In 1999 I read The Memoirs of Cleopatra, a novel by Margaret George. Around that time I also read Wilbur Smith's River God. After reading The Egyptian by Mika Waltari in 2005, I suddenly began to wonder how Egypt of the Egyptian empire became the Egypt of today. I made a quick study of the history of Egypt on Wikipedia, just enough to feel overwhelmed by the county's long and tumultuous story. By that time I had heard of Mahfouz because his Cairo Trilogy had been translated into English, a project overseen in part by Jackie Kennedy Onassis during her stint as an editor at Doubleday Books.
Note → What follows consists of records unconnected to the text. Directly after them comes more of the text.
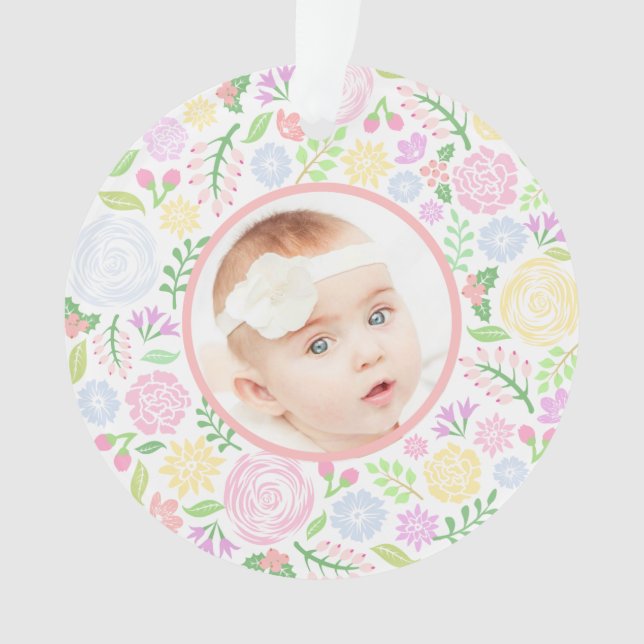 Ornamento de Pastel Floral de 1rua de Natal, Rever (Frente)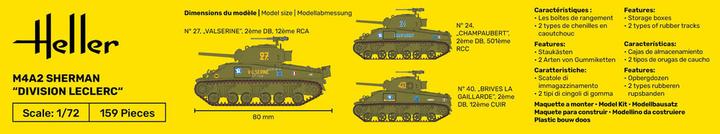Actual product image Heller STARTER KIT M4A2 Sherman "Division Leclerc" (deco.FR KIT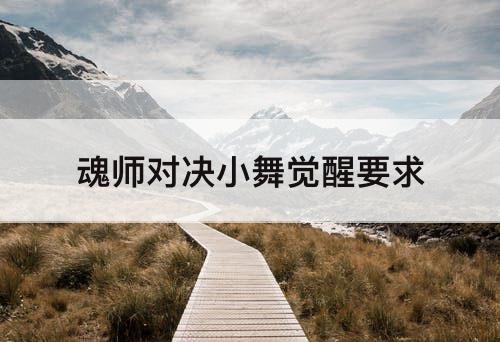魂师对决小舞觉醒要求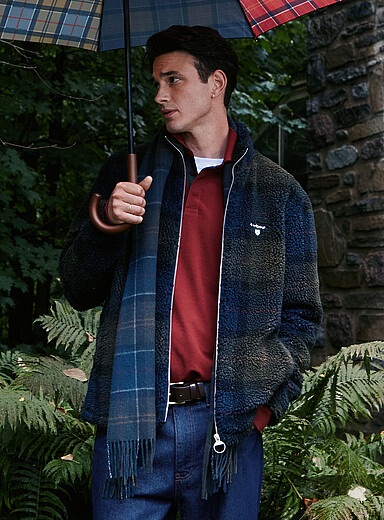 Barbour: La veste moutonn&eacute;e tartan Vert fonc&eacute; - Mousse pour homme
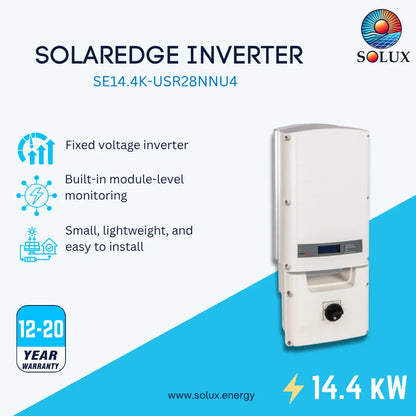 A promotional product graphic for a Solaredge inverter by Solux. The image features a white rectangular inverter unit on the right side, set against a split white and blue background.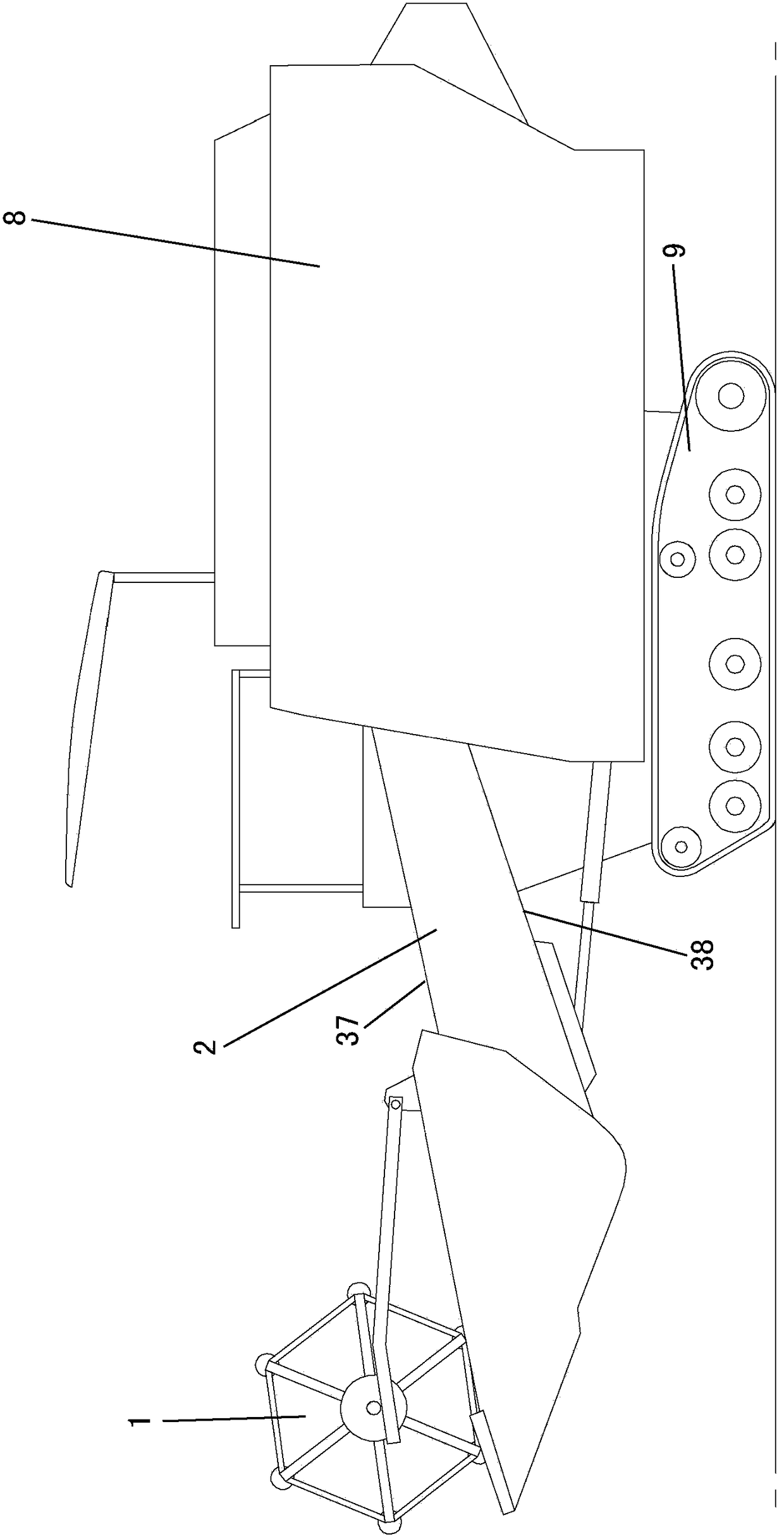 Conveying device for combine harvester and harvester with same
Each volume was conspicuously reviewed as it was released and Mahfouz became widely known in the United States for the first time.

Mahfouz wrote his novels about contemporary times in Cairo with his overall theme being the impact of social change on the lives of ordinary people. If you wish to learn what it has been like to be an Egyptian person since the 1930s, reading Mahfouz will give you that insight.

I first read Midaq Alley, published in Egypt in 1947, in the United States by Doubleday in 1966. I entered a world of eccentric characters living in an alley in the old section of Cairo during World War II. The influence of Western culture, particularly British, was gradually eroding the religious faith and morals of these people, causing conflict between generations and the sexes. I became a fan.

I have since read The Beginning and the End, from 1947 and the entire Cairo Trilogy: Palace Walk, Palace of Desire, & Sugar Street. Once I became accustomed to Mahfouz's pace and style, his characters and their lives captured my interest. I intend to read through all of his novels that are available in English as I move through My Big Fat Reading Project.

In 1994 an attempted assassination by Islamic extremists reduced Mahfouz to ill health leaving him unable to write for more than a few minutes a day. He lived for twelve more years under constant bodyguard protection. He was the oldest living Noble Literature laureate, the third oldest of all time and the only Arabic language writer to win the prize.